*Description of the task*
Pull out of the data below the stretch of lines bounded by the one containing "Priročnik Vzgojno izobraževalno" and the one containing "Appartement à MASSY", both bounds included, unchanged.

*Source records*
------------------------------

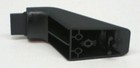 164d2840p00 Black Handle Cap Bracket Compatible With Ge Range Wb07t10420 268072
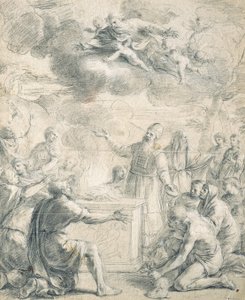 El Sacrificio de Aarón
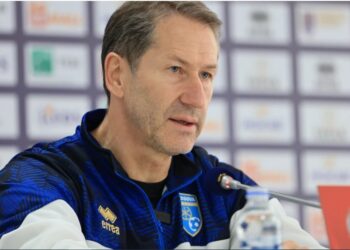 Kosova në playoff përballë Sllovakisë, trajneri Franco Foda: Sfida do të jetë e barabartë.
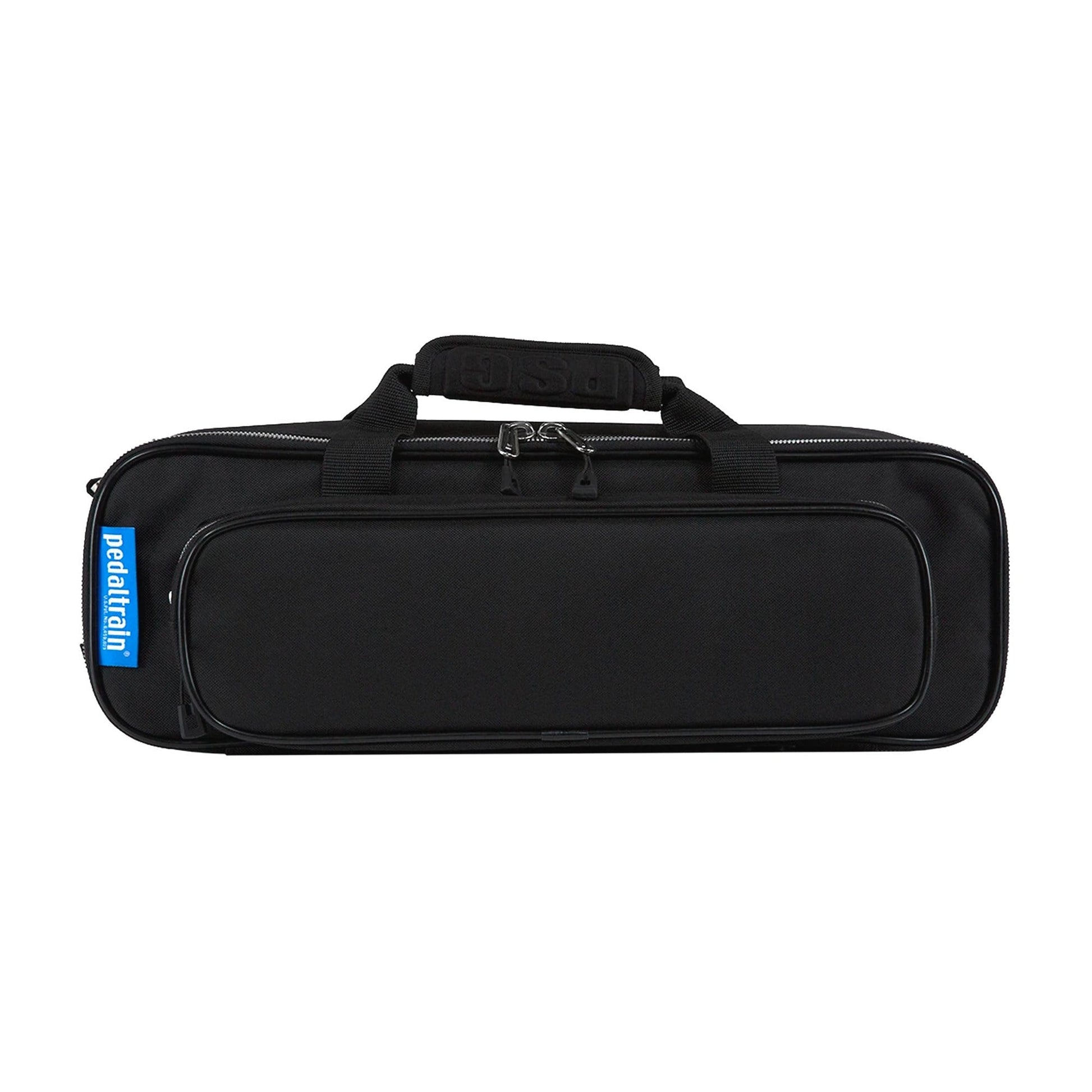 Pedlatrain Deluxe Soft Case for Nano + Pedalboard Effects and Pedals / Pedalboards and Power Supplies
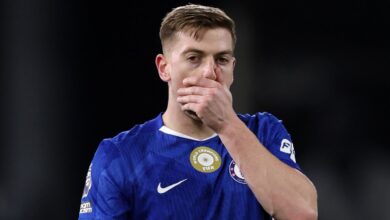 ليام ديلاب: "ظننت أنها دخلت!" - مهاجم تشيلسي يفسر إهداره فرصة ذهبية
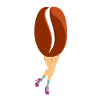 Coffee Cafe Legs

------------------------------

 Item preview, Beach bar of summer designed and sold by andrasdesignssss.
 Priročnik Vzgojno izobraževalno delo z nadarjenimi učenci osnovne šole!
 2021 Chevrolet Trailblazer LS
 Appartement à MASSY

------------------------------

*Completed task*
 Priročnik Vzgojno izobraževalno delo z nadarjenimi učenci osnovne šole!
 2021 Chevrolet Trailblazer LS
 Appartement à MASSY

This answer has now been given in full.